Short descriptive text snippets -
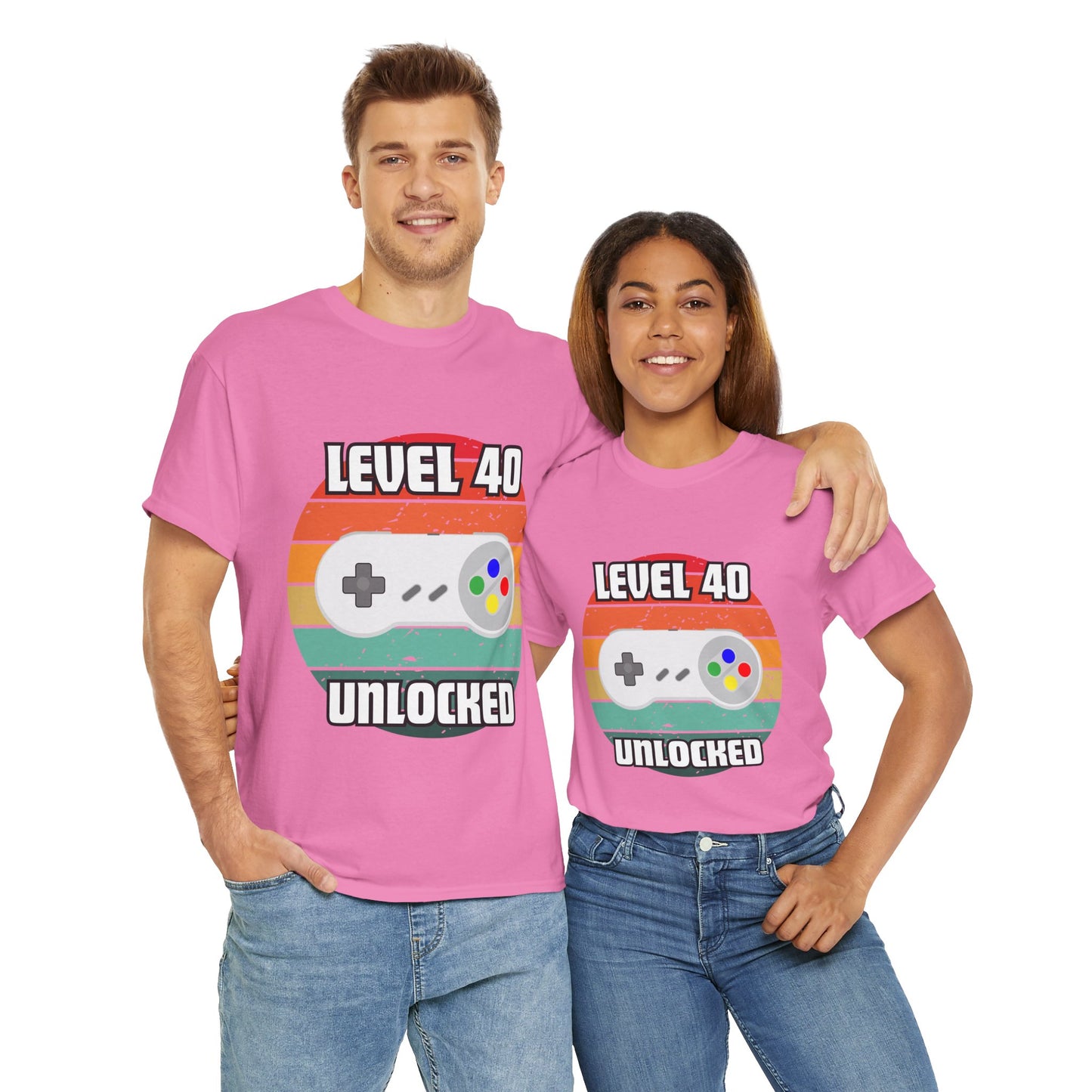 Gaming Level 40 Unlocked Tee - Unisex Heavy Cotton T-Shirt, Video Game, Gamer, Happy Birthday Shirt, Geek, Nerd, Retro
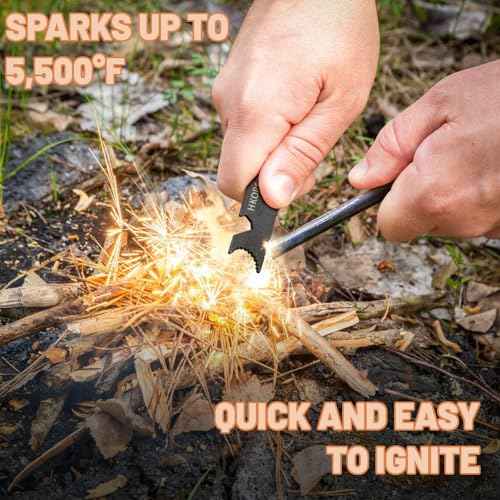 Fire Starter Ferro Rod, 4 Inch Flint and Steel Survival Kit, Flint Fire Starter for Camping and Hiking, 6-in-1 Emergency Survival Fire Steel, Magnesium Fire Starter | Hkoper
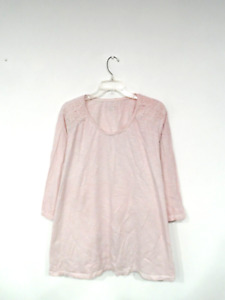 Catherines Women's Shirt Plus Size 3X Pale Pink Crochet Shoulders Pom Pom Neck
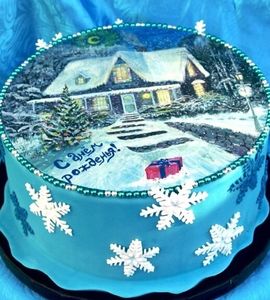 Торт с зимним лесом на день рождения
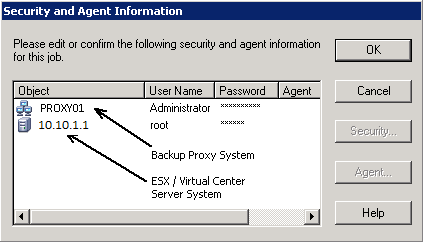 Illustration: Security and Agent dialog.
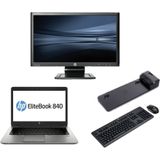 HP Elitebook 840 G1 - Intel Core i5 - 4GB - 320GB HDD - C-Grade + Docking + 24'' Widescreen Monitor - Win 10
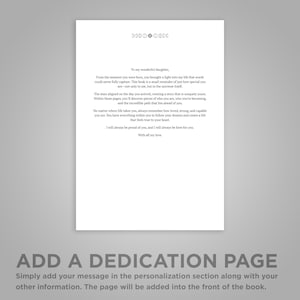 May include: A white rectangular page featuring a black moon phase icon at the top and a printed message addressed to a daughter. The text expresses sentiments about love, stars, and personal growth, concluding with the sign-off, With all my love.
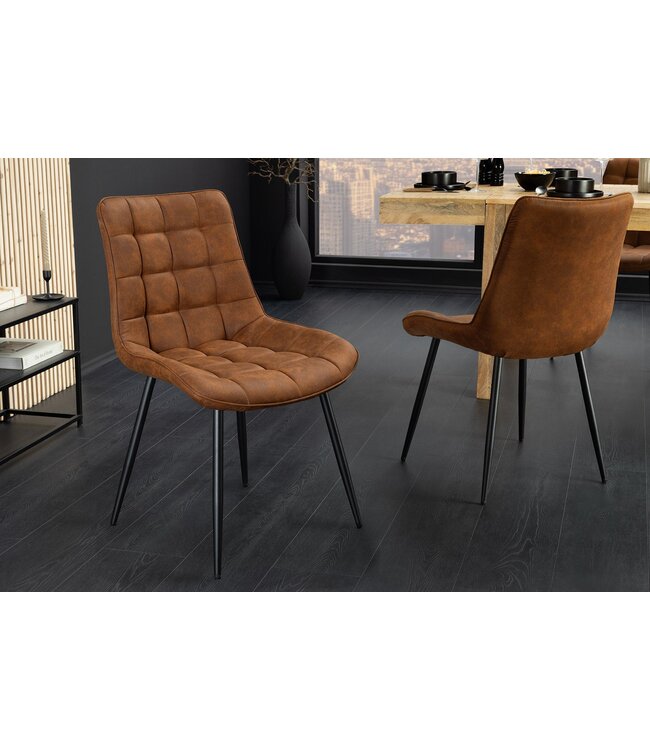 Invicta Interior Stoel ROADSTAR van microvezel in cognacbruin met zwarte metalen poten - 47481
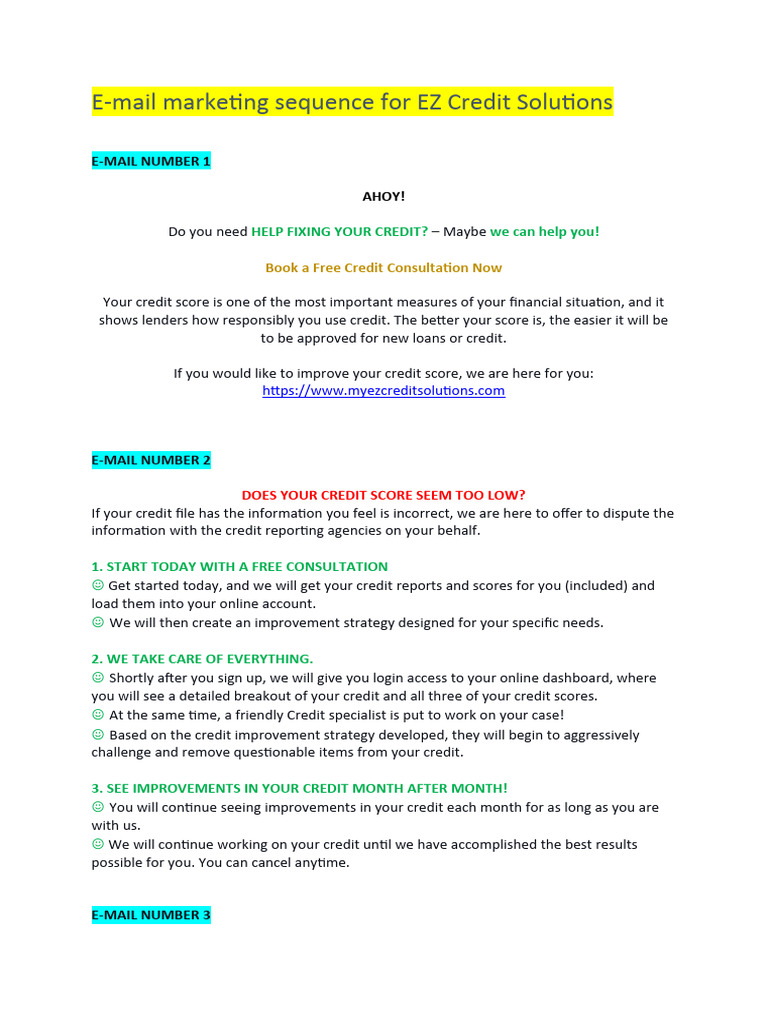 Free Credit Consultation Sequence | PDF | Credit | Finance & Money ...
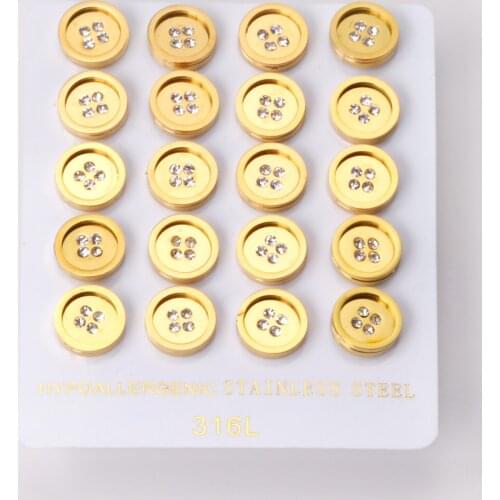 10 Pairs Round Cubic Zirconia Earrings Stainless Steel Anti-allergy Ear Stud Gold Silver Color Female Accessories Jewelry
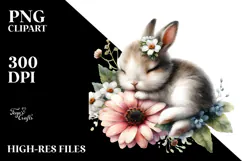 Baby Rabbit Sleeping on Flower, PNG Product Image 2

REQUIRED WORK - Only the text of the records is to be reproduced exactly; skip the pictures.

EXERCISE SOLUTION -
 Gaming Level 40 Unlocked Tee - Unisex Heavy Cotton T-Shirt, Video Game, Gamer, Happy Birthday Shirt, Geek, Nerd, Retro
 Fire Starter Ferro Rod, 4 Inch Flint and Steel Survival Kit, Flint Fire Starter for Camping and Hiking, 6-in-1 Emergency Survival Fire Steel, Magnesium Fire Starter | Hkoper
 Catherines Women's Shirt Plus Size 3X Pale Pink Crochet Shoulders Pom Pom Neck
 Торт с зимним лесом на день рождения
 Illustration: Security and Agent dialog.
 HP Elitebook 840 G1 - Intel Core i5 - 4GB - 320GB HDD - C-Grade + Docking + 24'' Widescreen Monitor - Win 10
 May include: A white rectangular page featuring a black moon phase icon at the top and a printed message addressed to a daughter. The text expresses sentiments about love, stars, and personal growth, concluding with the sign-off, With all my love.
 Invicta Interior Stoel ROADSTAR van microvezel in cognacbruin met zwarte metalen poten - 47481
 Free Credit Consultation Sequence | PDF | Credit | Finance & Money ...
 10 Pairs Round Cubic Zirconia Earrings Stainless Steel Anti-allergy Ear Stud Gold Silver Color Female Accessories Jewelry
 Baby Rabbit Sleeping on Flower, PNG Product Image 2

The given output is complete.